In Harrison v. Tauheed, (KA Sup. Ct., Aug. 5, 2011), the Kansas Supreme Court affirmed a trial judge's decision to award custody of a 5-year old boy to the child's mother, a Jehovah's Witness, over the objections of the child's father who also sought custody. The father argued on appeal that the trial court erred in refusing to consider the negative impact on the boy of his mother's religious beliefs and practices. The Supreme Court held:
Disapproval of mere belief or nonbelief cannot be a consideration in a custody determination—judges are not trained to mediate theological disputes. Yet consideration of religiously motivated behavior with an impact on a child's welfare cannot be ignored. It is one of the many relevant factors that must be part of the holistic custody calculus required under Kansas law....

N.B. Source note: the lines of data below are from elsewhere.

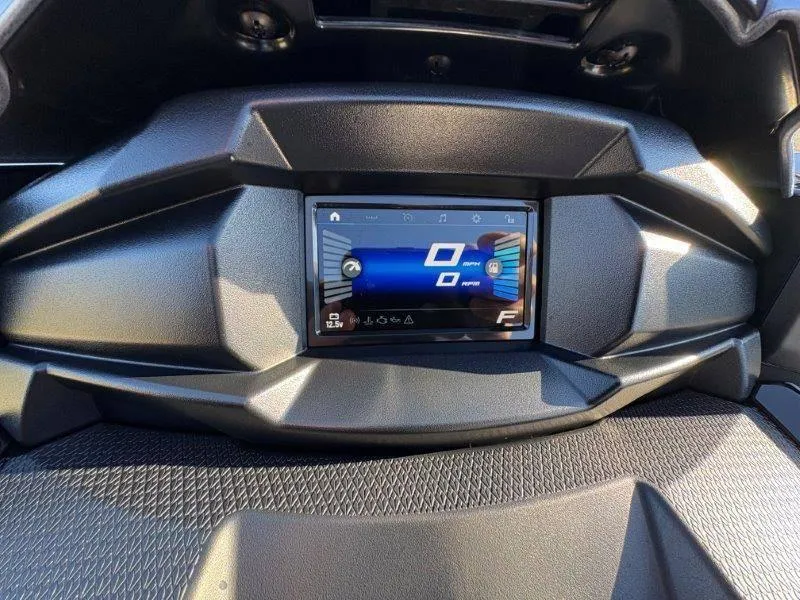 Slide: The Image of Yamaha Waverunner VX Cruiser w/ Audio 2025 - 23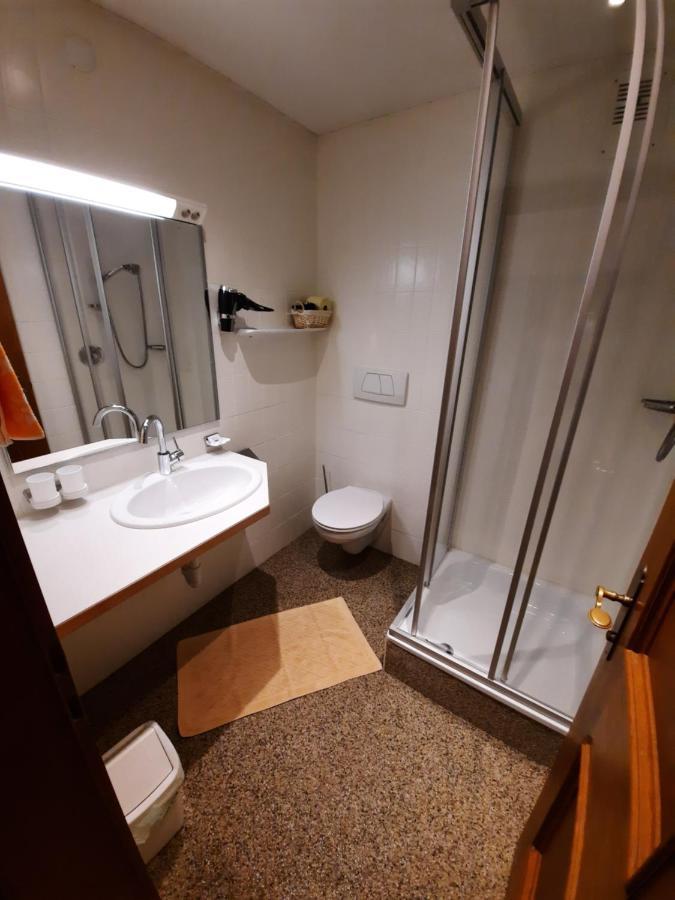 Gaestehaus Burgi Fügen Eksteriør billede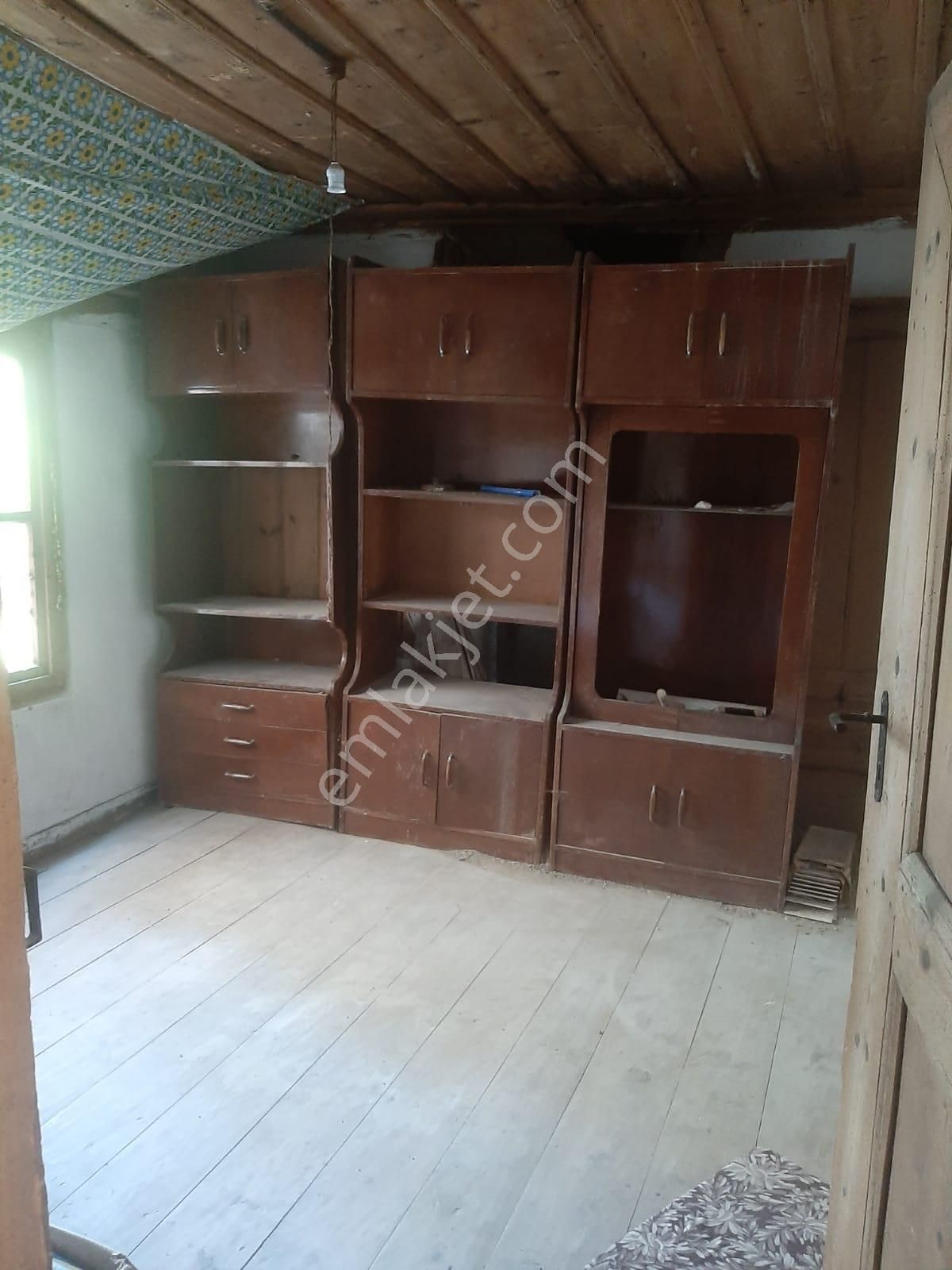 Mudurnu Hızırfakı Mh.de Müstakil 2 Katlı Ahşap Ev - Görsel 12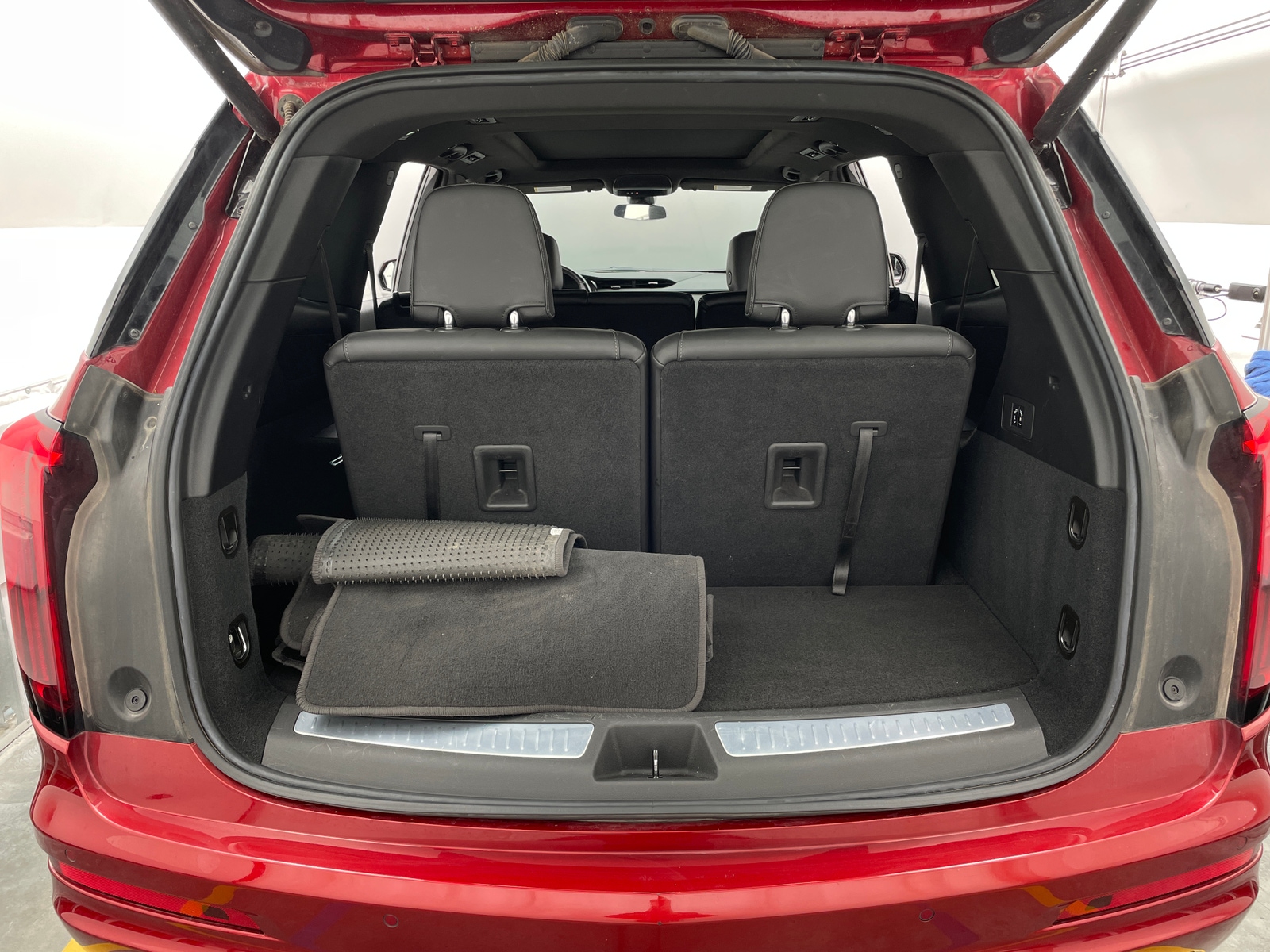 Thumbnail: 2024 Cadillac XT6 - 7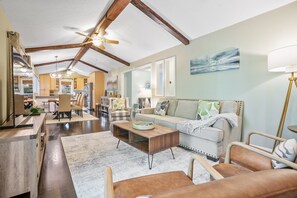 Smart-TV, Kamin, Tischtennisplatte, Arbeitsbereiche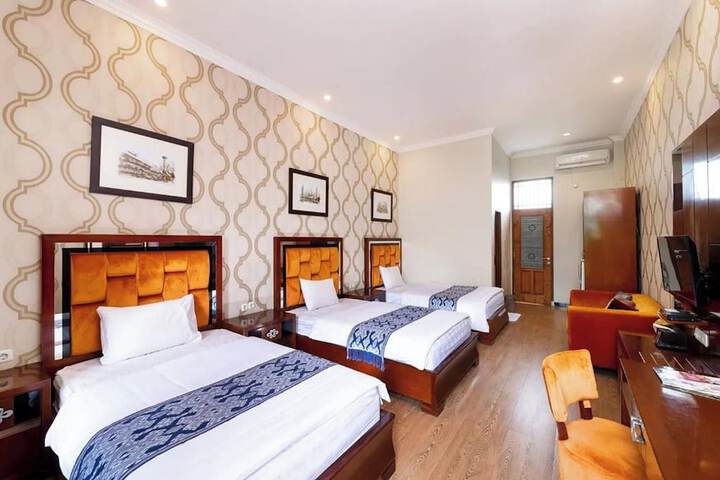 Room 27 of 61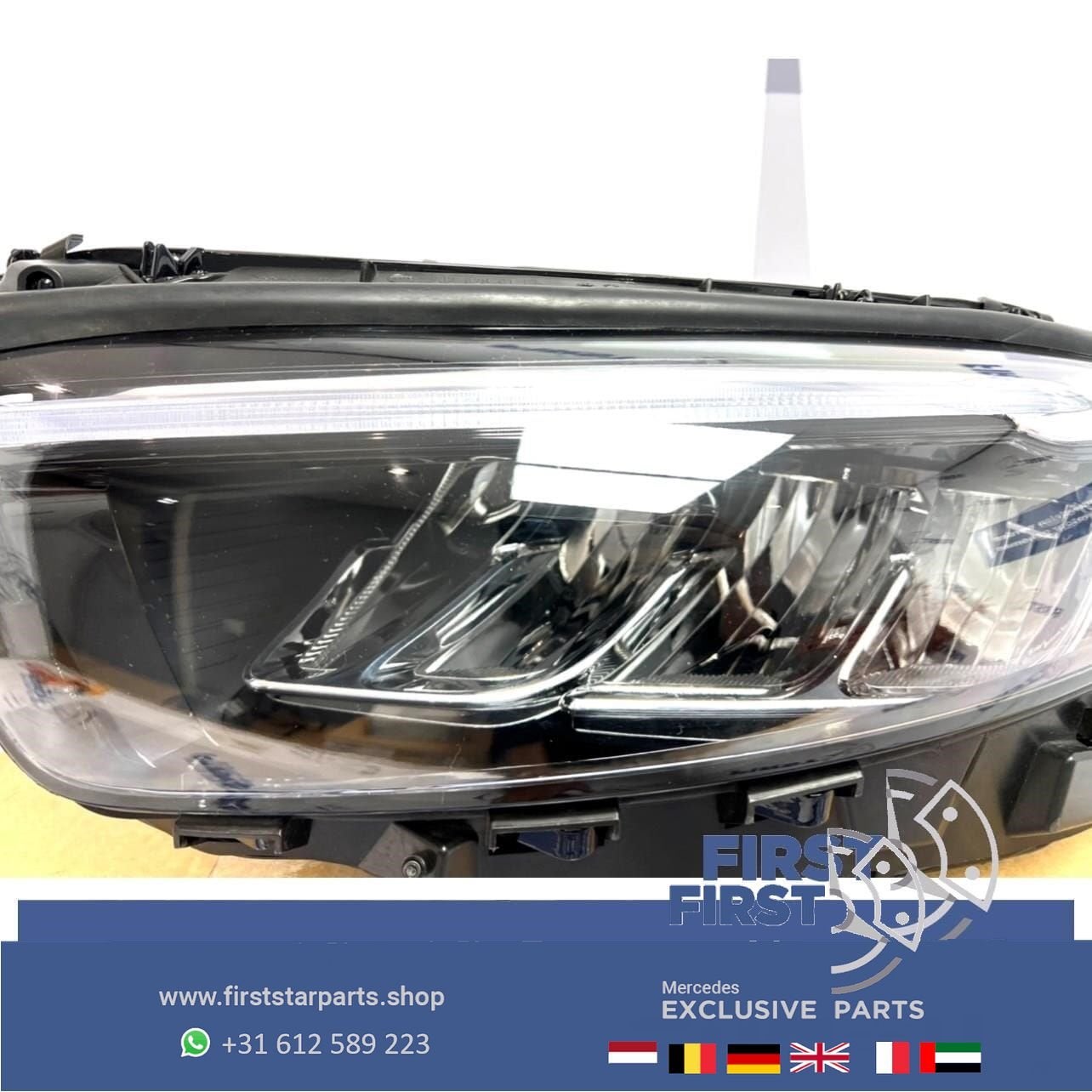 A1779065104 W177 FACELIFT A35 A45 AMG HALF LED KOPLAMP LINKS, Gebruikt, -, Ophalen of Verzenden, -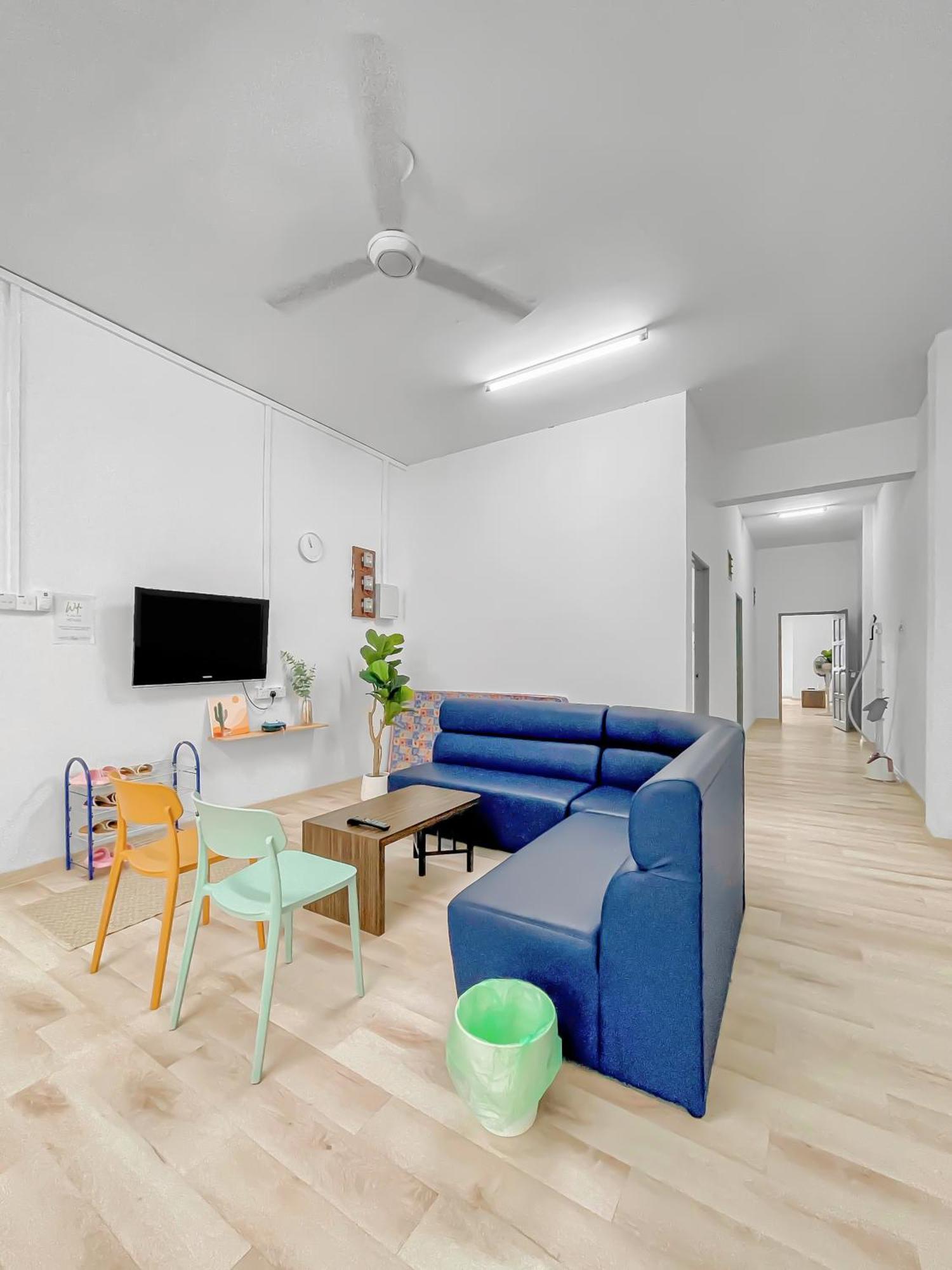 Homestay: 3-bedroom Business With Fast Food Proximity Homestay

Just as mere religious beliefs cannot be solely determinative of custody, a court may not speculate about behavior that religious beliefs may motivate in the future.... A court also may not weigh the merit of one parent's religious belief or lack of belief against the other's. Nothing in law school or practice in any setting qualifies a judge for this task, and any judicial effort to tackle it is far too likely to lead to the substantial impairment of the free exercise of religion... Courts must be vigilant to avoid invidious discrimination against religious beliefs or practices merely because they seem unconventional. The consideration of religiously motivated actions as a part of holistic evaluation of the best interests of the child, while excluding consideration of religious beliefs, strikes an appropriate balance among the free exercise rights of each parent; the right of each parent to the care, custody, and control of his or her child; and the welfare of the child....
The court concluded that the trial judge's decision met this standard.